At 6.30pm on Monday, 10 May 1909, Hugh Densham was driving his mother, Ellen, in a dog-cart from their home at Bury Barton. They were due to attend a meeting at the Congregational Church. As they descend the incline towards the bridge, their young horse became restless and started to bolt. The horse approached the turn onto the bridge with speed and attempted to jump the low hedge, just as the doctor’s horse had done some years before. Mrs Densham was thrown over the horse’s head towards the river-bed below, a distance of 30 feet. The horse and dog-cart were left suspended on the hedge.

Hugh found his mother lying unconscious on her face next to the river. She had received a bad blow over her eye.

Ernest Barter, a retired draper, witnessed the horse running away. He immediately left his home at Barris Gate and descended Mill Hill. He was one of the first at the scene, joined by Mary Radford, of Lowerfield, and Edward Wickham, the curate of Lapford (probably staying at Lowerfield). Help also came from nearby railway workers who carefully stretchered Mrs Densham up the steep bank and back to her home at Bury Barton half-a-mile away. Dr Davies of Morchard Bishop was telegraphed and arrived with haste, but little could be done. Mrs Densham died at 9.45pm that evening without ever recovering consciousness.

This hand coloured picture shows the metalled road declining from Lapford Cross towards Lapford Mill bridge. The low blackthorn hedge is in the centre of the picture on the right hand side of the road. Mrs Densham fell over the hedge just before it meets the bridge.
Roger “Hugh” Densham, the driver of the dog-cart.

THE INQUEST
At the inquest into his mother’s death, Hugh Densham said he had had perfect control of the horse after it became restless, but that his 64-year old mother became frightened and seized his arm holding the left reign. Some reports of the inquest state that Mrs Densham managed to take hold of the reign herself. According to Hugh, her action caused the reign to snap and the horse could no longer be controlled as it careered at speed towards the bridge.

Differing reports of the inquest indicate that Hugh either fell off the cart onto the blackthorn hedge to the right, or that he jumped. The inquest returned a verdict of “Accidental Death”.

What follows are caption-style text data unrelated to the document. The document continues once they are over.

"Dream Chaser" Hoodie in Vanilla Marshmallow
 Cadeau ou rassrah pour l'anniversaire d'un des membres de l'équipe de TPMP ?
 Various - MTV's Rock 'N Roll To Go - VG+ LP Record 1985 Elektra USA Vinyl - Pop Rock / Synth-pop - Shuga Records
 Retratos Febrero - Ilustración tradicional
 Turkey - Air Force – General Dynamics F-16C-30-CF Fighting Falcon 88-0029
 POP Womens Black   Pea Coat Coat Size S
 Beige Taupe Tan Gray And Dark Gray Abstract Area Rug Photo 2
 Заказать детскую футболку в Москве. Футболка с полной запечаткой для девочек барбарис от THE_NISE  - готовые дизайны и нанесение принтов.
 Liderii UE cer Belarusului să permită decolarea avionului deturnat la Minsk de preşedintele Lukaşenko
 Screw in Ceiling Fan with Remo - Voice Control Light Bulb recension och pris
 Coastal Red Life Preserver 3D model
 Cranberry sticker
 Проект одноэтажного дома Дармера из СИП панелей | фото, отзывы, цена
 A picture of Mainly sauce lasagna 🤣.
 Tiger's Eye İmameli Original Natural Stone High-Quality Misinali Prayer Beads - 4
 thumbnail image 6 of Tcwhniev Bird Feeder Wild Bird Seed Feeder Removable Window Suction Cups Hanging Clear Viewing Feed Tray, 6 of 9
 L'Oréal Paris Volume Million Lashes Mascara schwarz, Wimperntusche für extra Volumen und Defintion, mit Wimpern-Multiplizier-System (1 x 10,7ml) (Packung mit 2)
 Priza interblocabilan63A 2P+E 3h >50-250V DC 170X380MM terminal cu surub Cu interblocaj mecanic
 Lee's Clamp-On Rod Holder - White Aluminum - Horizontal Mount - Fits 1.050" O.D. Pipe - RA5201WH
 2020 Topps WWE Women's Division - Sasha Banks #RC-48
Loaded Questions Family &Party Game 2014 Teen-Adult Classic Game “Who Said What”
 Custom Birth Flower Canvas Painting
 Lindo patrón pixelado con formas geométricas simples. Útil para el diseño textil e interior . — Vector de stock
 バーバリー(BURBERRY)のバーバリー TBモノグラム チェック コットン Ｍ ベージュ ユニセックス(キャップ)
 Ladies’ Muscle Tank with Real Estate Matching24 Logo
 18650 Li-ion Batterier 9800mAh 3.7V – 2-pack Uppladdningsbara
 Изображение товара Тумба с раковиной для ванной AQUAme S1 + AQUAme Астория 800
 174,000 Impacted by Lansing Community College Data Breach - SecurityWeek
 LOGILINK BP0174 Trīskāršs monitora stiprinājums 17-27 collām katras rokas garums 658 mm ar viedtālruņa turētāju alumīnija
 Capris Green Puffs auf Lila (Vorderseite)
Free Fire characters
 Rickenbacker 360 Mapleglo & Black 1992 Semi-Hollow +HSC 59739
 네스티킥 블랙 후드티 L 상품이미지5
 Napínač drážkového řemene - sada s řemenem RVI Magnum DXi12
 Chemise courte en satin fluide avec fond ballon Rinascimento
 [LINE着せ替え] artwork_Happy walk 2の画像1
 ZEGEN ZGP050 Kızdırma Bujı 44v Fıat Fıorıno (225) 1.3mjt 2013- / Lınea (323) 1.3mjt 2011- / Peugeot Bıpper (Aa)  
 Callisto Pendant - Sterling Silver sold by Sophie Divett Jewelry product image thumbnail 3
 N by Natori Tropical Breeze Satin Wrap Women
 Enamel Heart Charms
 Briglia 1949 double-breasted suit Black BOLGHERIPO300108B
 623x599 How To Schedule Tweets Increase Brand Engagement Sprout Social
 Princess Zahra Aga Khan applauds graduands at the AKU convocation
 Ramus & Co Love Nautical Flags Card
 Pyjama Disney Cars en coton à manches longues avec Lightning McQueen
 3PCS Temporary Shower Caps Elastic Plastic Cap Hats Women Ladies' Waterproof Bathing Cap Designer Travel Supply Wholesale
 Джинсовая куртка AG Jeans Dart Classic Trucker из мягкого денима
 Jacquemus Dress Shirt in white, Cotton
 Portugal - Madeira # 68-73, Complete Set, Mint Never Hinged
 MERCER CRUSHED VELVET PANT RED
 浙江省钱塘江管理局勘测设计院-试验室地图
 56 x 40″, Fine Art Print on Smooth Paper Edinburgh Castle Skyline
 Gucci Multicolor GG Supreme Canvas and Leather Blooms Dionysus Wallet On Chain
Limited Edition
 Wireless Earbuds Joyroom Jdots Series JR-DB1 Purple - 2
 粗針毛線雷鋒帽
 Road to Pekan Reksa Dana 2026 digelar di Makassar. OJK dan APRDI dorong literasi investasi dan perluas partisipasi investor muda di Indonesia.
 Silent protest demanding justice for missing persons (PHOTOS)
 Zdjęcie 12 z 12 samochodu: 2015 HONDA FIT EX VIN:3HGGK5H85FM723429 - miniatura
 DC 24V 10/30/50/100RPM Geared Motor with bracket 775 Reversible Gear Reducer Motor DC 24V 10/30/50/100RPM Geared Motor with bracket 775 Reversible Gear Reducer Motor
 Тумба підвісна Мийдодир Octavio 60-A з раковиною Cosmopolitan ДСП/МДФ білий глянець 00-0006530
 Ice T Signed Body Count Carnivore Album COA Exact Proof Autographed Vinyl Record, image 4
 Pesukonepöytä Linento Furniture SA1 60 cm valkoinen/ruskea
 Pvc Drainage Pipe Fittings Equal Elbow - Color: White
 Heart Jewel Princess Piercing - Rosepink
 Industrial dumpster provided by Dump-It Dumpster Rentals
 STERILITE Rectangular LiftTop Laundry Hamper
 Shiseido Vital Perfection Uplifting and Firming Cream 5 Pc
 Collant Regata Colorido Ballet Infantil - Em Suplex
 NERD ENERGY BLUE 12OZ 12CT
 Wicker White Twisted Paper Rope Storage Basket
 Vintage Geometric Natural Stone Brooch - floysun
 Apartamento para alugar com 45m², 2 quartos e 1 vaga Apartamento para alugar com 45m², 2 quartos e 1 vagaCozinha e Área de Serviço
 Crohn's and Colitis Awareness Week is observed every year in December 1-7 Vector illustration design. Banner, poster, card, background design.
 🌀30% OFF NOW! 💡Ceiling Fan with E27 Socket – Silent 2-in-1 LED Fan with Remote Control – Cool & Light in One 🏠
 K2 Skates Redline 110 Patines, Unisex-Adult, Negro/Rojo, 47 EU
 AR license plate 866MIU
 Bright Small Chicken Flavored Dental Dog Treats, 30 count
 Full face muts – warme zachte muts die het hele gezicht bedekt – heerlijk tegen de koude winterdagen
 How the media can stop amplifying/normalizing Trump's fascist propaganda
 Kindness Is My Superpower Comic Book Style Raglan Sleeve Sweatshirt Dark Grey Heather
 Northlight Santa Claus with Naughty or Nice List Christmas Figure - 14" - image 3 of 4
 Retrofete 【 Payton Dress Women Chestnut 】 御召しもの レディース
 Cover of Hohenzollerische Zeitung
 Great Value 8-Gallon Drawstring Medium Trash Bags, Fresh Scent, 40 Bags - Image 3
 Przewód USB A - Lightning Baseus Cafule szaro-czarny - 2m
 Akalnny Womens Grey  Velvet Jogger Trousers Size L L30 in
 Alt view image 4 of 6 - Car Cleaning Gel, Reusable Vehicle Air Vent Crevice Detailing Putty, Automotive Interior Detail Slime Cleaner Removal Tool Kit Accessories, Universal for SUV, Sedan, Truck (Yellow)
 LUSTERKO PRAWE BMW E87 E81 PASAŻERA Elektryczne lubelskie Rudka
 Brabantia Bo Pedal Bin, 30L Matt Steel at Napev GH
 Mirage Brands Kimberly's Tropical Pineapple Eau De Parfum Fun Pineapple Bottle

Inquests were often rapidly arranged affairs and were not necessarily detailed nor fully independent. In this particular case, the inquest took place two days after the accident at the Densham’s home. Although the purpose of the inquest was to assure that Hugh’s driving had not played a part in the incident and that it was entirely accidental, Hugh was the only person to give an account of events leading to the accident.

THE FORGOTTEN WITNESS
There was a eye witnesses. 12-year old Eric Challice saw the cart turn off the main road, the rapid decent towards the bridge and Mrs Densham’s fall. Yet, his evidence was never heard.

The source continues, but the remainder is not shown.